I am sooo proud of my little goat, she won GCH and BOB as only a second freshener at Fonda Fair yesterday.
It figures that this was the one show that we didn't bring our camera to!! :hair: 
The judge, Patricia Riccotta just loved her mammary system and wouldn't stop looking at it!!


----------



## ThreeHavens (Oct 20, 2011)

That's fantastic!!


----------



## WalnutGroveFarm (Sep 27, 2008)

Congrats that is great!


----------



## toth boer goats (Jul 20, 2008)

That is terrific :leap:


----------



## caprine crazy (Jun 12, 2012)

Congrats! That's really exciting!


----------



## meluvgoats (Apr 19, 2012)

AWESOME!!!! :greengrin:


----------



## J.O.Y. Farm (Jan 10, 2012)

CONGRATS!!!! So happy for you!!! Do we get to see the winning udder?!?!LOL!


----------



## RMADairyGoats (Jun 20, 2011)

Congrats! That's awesome!


----------



## MAW (Oct 13, 2011)

Congratulations!! :leap: :leap:


----------



## VincekFarm (Jun 27, 2011)

J.O.Y. Farm said:


> CONGRATS!!!! So happy for you!!! Do we get to see the winning udder?!?!LOL!

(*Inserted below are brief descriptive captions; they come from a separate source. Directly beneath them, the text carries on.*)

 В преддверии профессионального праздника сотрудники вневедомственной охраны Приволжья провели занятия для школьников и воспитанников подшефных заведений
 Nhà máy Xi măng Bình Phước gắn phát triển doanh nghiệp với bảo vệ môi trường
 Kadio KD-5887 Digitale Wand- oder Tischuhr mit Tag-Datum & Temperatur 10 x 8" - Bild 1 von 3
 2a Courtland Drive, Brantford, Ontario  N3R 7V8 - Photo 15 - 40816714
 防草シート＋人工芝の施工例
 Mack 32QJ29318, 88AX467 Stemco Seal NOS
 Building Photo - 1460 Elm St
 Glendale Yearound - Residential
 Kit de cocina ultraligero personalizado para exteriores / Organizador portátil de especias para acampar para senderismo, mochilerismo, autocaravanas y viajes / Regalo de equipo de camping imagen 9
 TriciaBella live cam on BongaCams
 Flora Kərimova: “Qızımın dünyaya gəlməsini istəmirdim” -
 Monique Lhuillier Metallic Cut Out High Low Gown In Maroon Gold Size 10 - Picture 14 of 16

Yes.. sorry for the delay my camera has been broken and I needed to take pictures of her fore udder and of her!

-She is nursing a kid in this picuture.. that I just took today so pardon her udder. 









-This is her fore udder









-This is her rear udder










I'm sorry about the obnoxious sizes!! :ROFL:


----------



## ThreeHavens (Oct 20, 2011)

Wow! Do you have a website? I'd like to bookmark it.


----------



## ksalvagno (Oct 6, 2009)

Very nice looking girl! Congrats!


----------



## J.O.Y. Farm (Jan 10, 2012)

Beautiful!! :drool:


----------



## VincekFarm (Jun 27, 2011)

Woodhavenfarm said:


> Wow! Do you have a website? I'd like to bookmark it.


I finally ended up making a website... after what seems like forever here it is! LOL.

http://czizik72.wix.com/vincekfarm


----------



## ThreeHavens (Oct 20, 2011)

Wow, nice website!


----------



## ksalvagno (Oct 6, 2009)

Very nice! :thumbup:


----------



## Twisted Vines Farm (Jun 11, 2011)

Pretty girl! Congrats!!!


----------